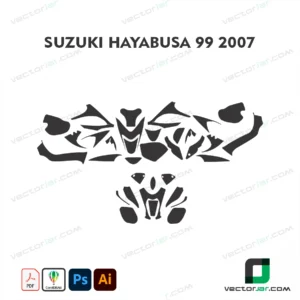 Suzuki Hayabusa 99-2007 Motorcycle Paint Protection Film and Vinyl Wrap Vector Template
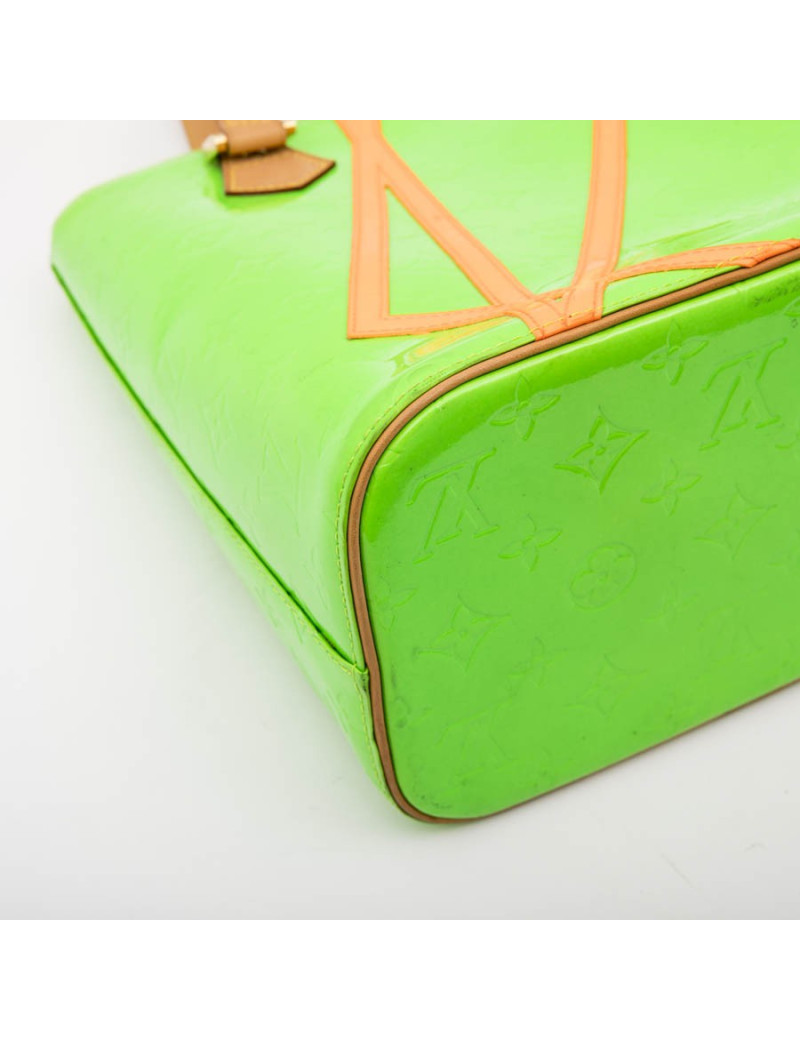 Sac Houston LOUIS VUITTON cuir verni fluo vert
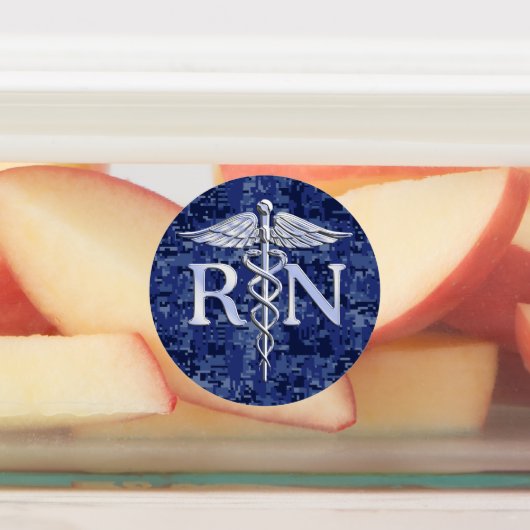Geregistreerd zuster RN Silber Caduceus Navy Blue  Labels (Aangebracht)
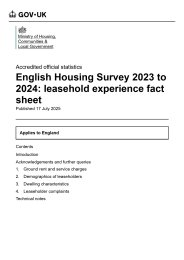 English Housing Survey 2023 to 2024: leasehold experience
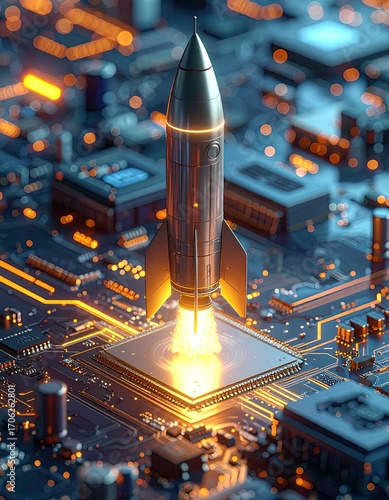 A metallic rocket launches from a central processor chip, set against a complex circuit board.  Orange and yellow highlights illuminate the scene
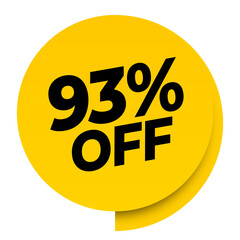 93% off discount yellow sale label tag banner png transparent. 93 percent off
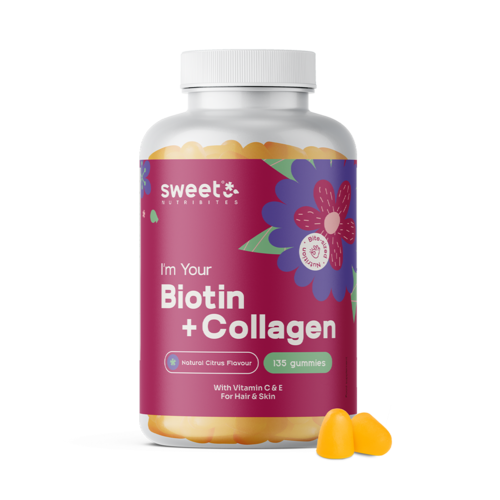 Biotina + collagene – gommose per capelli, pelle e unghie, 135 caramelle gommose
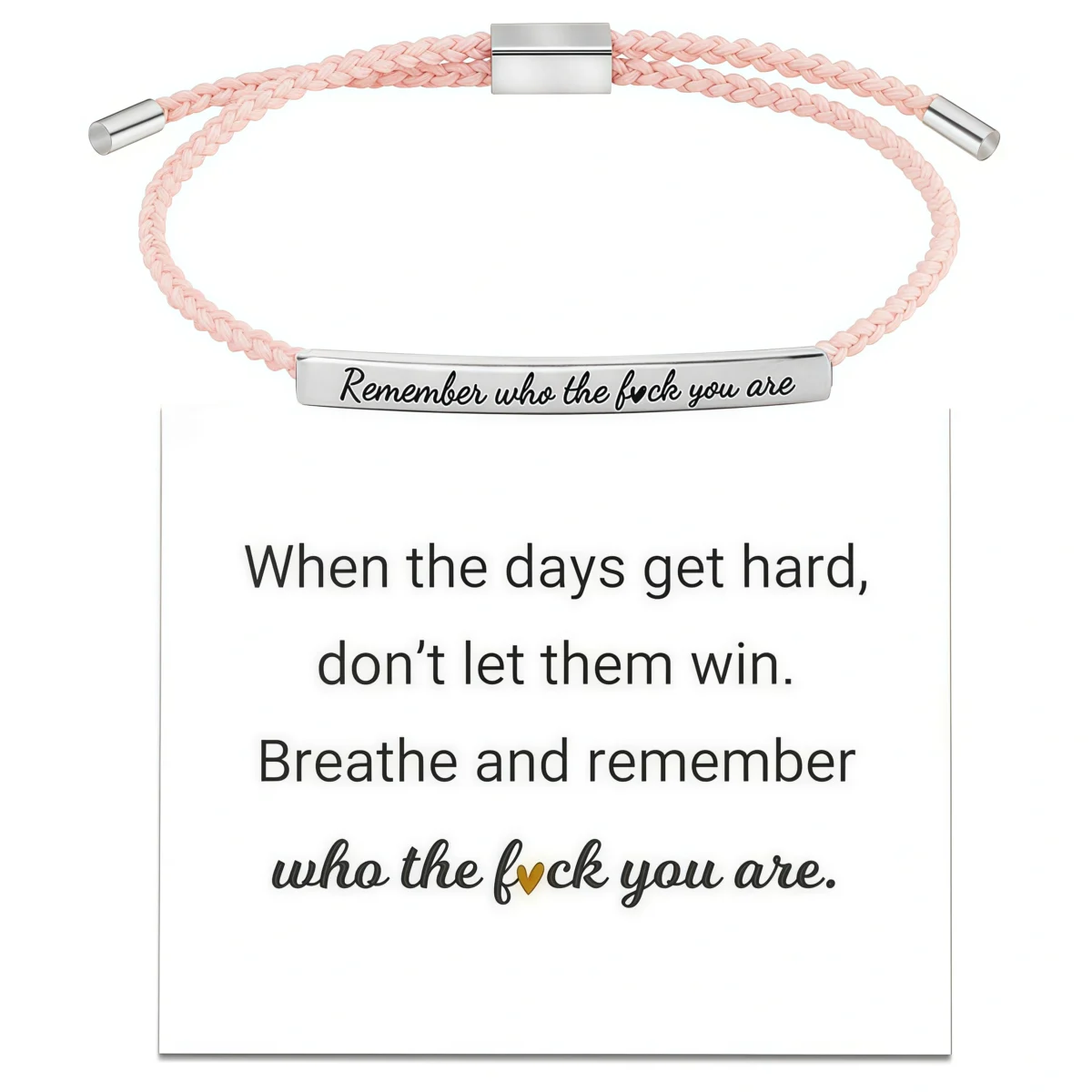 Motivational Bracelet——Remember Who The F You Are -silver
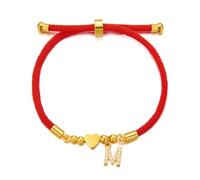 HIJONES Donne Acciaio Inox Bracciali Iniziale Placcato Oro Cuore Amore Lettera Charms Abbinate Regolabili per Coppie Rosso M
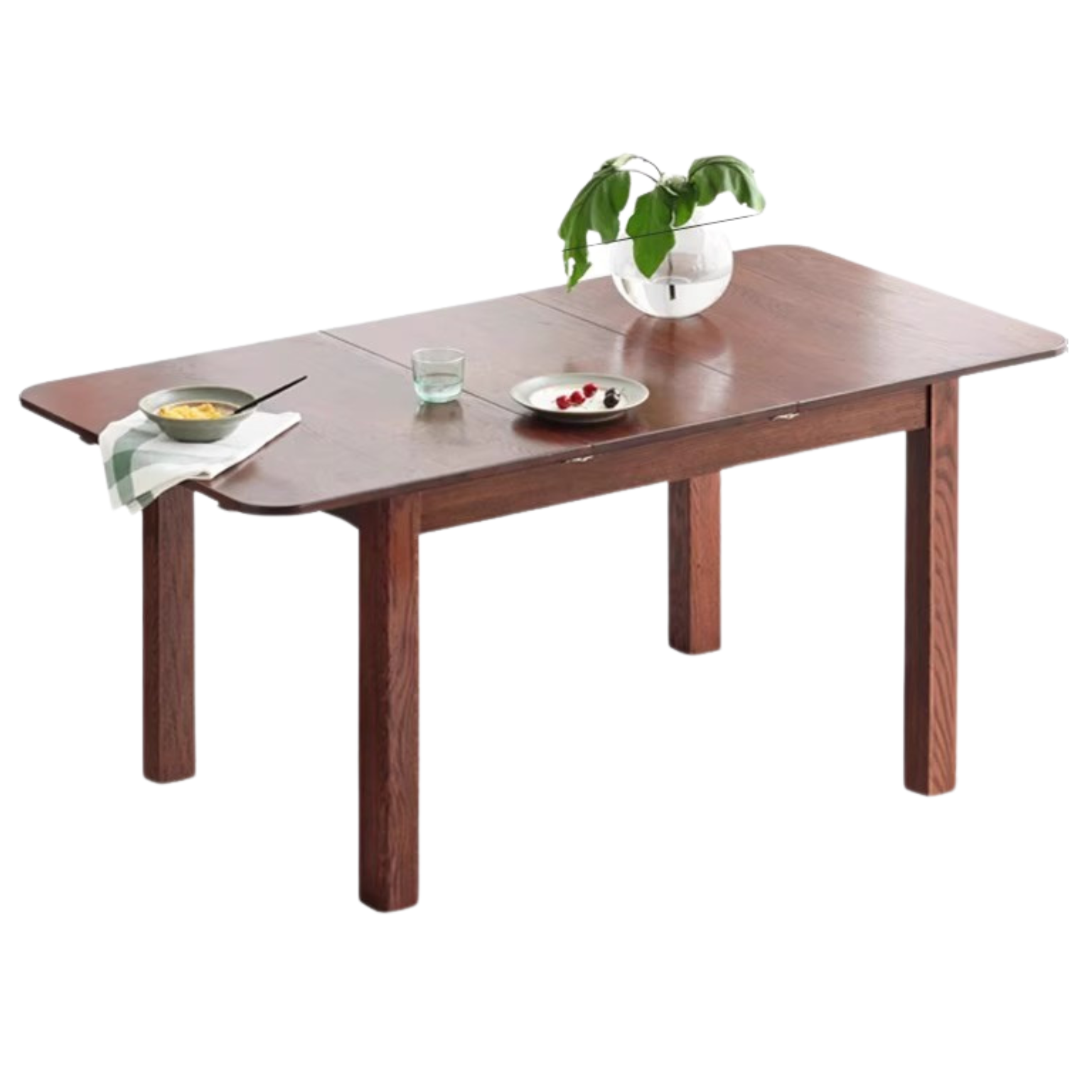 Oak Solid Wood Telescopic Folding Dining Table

* * *

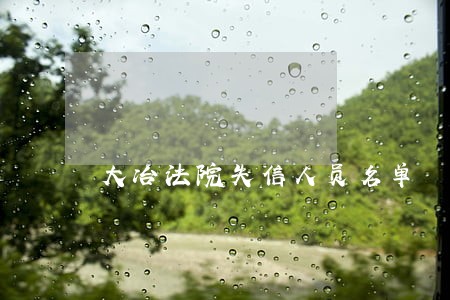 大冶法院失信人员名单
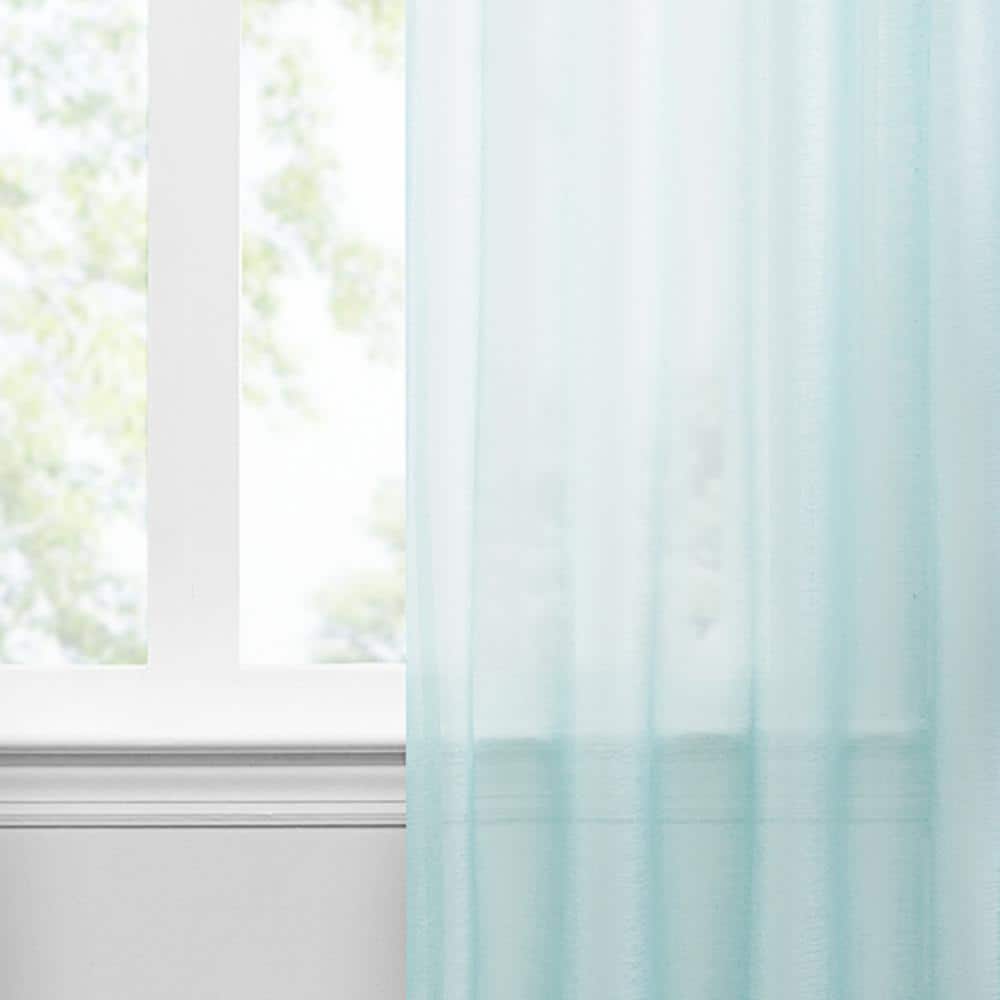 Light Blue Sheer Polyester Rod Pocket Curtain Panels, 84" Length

* * *

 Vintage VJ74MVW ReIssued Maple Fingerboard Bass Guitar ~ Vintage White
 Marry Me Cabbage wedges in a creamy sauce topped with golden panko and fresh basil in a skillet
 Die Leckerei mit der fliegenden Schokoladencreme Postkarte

TASK OBJECTIVE :: In the records above, find the line with "English Housing Survey" and the line with "Motivational Bracelet——Remember Who"; please transcribe exactly those two lines and all lines between them, omitting any picture.

TASK RESPONSE ::
 English Housing Survey 2023 to 2024: leasehold experience
 A metallic rocket launches from a central processor chip, set against a complex circuit board.  Orange and yellow highlights illuminate the scene
 93% off discount yellow sale label tag banner png transparent. 93 percent off
 Biotina + collagene – gommose per capelli, pelle e unghie, 135 caramelle gommose
 Motivational Bracelet——Remember Who The F You Are -silver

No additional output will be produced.